Task data section start

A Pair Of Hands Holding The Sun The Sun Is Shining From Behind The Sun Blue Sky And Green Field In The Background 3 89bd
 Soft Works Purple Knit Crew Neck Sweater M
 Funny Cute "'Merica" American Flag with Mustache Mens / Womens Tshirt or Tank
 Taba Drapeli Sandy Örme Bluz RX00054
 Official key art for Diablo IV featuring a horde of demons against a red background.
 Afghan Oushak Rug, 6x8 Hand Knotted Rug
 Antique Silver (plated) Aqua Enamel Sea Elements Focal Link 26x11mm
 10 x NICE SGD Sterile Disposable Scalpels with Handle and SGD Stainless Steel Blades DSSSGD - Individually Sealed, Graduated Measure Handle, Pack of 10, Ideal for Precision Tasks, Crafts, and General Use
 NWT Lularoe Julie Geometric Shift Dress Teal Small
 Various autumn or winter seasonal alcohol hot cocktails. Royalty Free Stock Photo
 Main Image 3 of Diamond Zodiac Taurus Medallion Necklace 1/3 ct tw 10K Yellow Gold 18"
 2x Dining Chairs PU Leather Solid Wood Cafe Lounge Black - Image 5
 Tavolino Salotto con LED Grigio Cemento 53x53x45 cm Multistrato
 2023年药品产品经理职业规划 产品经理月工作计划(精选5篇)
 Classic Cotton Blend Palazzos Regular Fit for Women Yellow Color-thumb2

Task data section end

▸ **Directions**: Output, exactly and with no other text, the line that contains "2023年药品产品经理职业规划 产品经理月工作计划(精选5篇)" and all lines from there to the end of the records.

▸ **Result**:
 2023年药品产品经理职业规划 产品经理月工作计划(精选5篇)
 Classic Cotton Blend Palazzos Regular Fit for Women Yellow Color-thumb2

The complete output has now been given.